Он приподнял всю свою тушу и встал, прижимая сигарный ящик к динозаврьим ребрам.
— Я ничего не сделал.
— Но пять таких сборников…
— Я сделал исключительно двоих детей. Эдмунда и Сада. И то имена не мои природные. Вот и все, что я сделал. Остальное сделали рецензии. Остальное сделала Маргарет.
Вдруг он заплакал.
— И как я Маргарет скажу…
— Да что «как я скажу»?
— Одна-единственная связочка осталась. И все. И больше ничего. Мне теперь крышка.
— Илья, да о чем ты, бога ради?
— Я боюсь сказать. И что мне теперь делать? Я ж пробовал новое писать. Я пробовал. Жуть что получается. Совсем не то, Эдмунд. Ничего я не могу. Я ей сказал. Сказал, что больше не могу писать. А она говорит — это временное, пройдет, у всех, говорит, писателей бывает.
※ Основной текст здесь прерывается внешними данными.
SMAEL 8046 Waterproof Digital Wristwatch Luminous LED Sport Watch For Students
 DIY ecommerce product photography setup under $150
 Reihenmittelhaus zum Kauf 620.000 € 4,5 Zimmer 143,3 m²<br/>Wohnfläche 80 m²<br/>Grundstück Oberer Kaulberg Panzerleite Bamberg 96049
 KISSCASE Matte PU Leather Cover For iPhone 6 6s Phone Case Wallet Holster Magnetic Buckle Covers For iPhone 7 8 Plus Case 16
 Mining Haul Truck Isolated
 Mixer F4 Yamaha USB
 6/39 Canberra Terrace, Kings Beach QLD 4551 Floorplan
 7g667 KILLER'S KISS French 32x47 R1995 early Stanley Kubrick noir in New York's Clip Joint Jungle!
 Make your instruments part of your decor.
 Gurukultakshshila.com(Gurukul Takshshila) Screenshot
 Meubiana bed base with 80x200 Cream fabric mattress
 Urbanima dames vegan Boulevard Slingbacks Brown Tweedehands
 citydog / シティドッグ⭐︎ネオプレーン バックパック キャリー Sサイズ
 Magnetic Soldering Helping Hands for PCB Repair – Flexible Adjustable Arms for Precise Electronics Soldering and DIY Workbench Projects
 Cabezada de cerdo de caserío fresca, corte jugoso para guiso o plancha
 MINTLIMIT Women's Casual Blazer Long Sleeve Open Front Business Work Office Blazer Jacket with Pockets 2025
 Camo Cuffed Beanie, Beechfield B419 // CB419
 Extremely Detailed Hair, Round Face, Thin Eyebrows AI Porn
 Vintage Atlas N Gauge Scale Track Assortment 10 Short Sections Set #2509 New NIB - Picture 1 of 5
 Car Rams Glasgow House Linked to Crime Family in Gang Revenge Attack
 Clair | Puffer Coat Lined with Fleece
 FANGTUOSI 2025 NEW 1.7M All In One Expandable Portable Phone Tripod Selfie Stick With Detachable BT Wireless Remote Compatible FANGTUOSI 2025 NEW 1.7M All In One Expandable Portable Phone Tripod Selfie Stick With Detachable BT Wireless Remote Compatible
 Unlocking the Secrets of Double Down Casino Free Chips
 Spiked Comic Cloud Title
Ты, говорит, не волнуйся, все к тебе опять вернется. Всегда опять возвращается к гениям.
Он отчаянно рыдал, я едва схватывал слова. Он опять плюхнулся в папино кресло, и по старым трещинам ручьями потекли слезы.
— Я боюсь сказать, — всхлипывал он.
— Илья, ради бога. Будь мужчиной, возьми себя в руки. Чего ты боишься?
— Ну, я тебе уже раньше говорил. Сказал нарочно — знал, что не поверишь, но ведь сказал же, тут ты не можешь отпереться. И ты меня не сумел остановить. Ты тоже виноват. — Он прятал лицо в ладонях.
Тут уж я вскипел:
— Да в чем я виноват?
— Я плагиатор.
— Ну, если ты опять о Маргарет…
Он простонал в ответ:
— Нет-нет, ну дурак ты, что ли, с Маргарет у меня все, точка.
— Но эти сборники разве не твои? Они не твои?
— Ну. Мои они, — он сказал, — ко мне пришли по почте, если ты в этом смысле…
Мне передалось его волнение.
— Илья, ты с ума сошел…
— Она написала все, все до последнего, — он всхлипнул, — в Ливерпуле. Все стихи до последнего, до самой последней строчки. Тетя Ривка. Теперь только на одну книжку можно наскрести. Маргарет ее хочет назвать «Мужская сила VI», — проревел он.